Described--or perhaps prescribed--as an antidote to a dating culture complicated by texting, meet-up apps and pervasive images in the media, Rom Com (Talonbooks $19.95) by Dina Del Bucchia and Daniel Zomparelli skewers the universal appeal of romantic comedies with 25 "humorous yet heartbreakingly honest" poems about modern love "steeped in nostalgia, sex, homoeroticism, race, consent, and popular culture--from irreverent verses exploring All the Places to Meet the Love of Your Life to Matthew McConaughey's rock-hard abs." This co-written collection asserts that the romantic comedy movie genre has had an overall damaging influence on contemporary conceptions of love. Featuring paper doll cutouts of each author on the book's flaps, Rom Com combines a playful and sassy approach with serious criticism, "poking fun at our tendency to hold out for Mr. or Mrs. Right."

[Photo: Talonbooks]

***
Don’t Tell Me What to Do by Dina Del Bucchia
(Arsenal Pulp Press $17.95)

Review by Claire Mulligan, 2018


Women hammer against the plastic ceiling of their ordinary lives in Dina Del Bucchia’s collection of fifteen stories, Don’t Tell Me What to Do. They chafe, they subvert and they channel their resentment in peculiar and often destructive ways.

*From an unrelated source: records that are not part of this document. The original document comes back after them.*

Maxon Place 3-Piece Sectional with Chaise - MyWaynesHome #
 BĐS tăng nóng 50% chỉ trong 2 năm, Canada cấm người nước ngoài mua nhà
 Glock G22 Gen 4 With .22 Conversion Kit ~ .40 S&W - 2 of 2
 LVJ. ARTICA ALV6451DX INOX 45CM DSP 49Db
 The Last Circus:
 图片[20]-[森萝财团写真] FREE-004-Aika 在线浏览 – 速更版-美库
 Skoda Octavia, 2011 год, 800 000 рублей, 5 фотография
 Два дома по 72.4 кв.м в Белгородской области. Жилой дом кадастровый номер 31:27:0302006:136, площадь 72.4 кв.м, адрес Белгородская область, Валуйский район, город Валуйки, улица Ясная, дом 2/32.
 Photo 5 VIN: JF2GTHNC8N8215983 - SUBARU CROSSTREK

These characters are like exasperating friends. You want to give them advice, knock it into them. Sometimes you question why you’re friends with them at all, given that many of the characters are not that likeable.

These women and situations ring familiar, then hit you with subversive notes. Another writer would have her female character striving to create a beautiful green space in a concrete jungle, nurturing greenery as, you know, women do, but in the opening story Val—whose grown son sends her gardening magazines and whose long-divorced husband was outsmarted by the lawn voles—has different ideas.

A woman from the Neighbourhood Enhancement Committee hounds Val for the sorry state of her yard, but Val decides lawns were originally for rich people. “They had servants to fluff up their shrubs.” So she wages a one-woman war against the hypocrisy of lawn care, a war that has deeper, more personal roots.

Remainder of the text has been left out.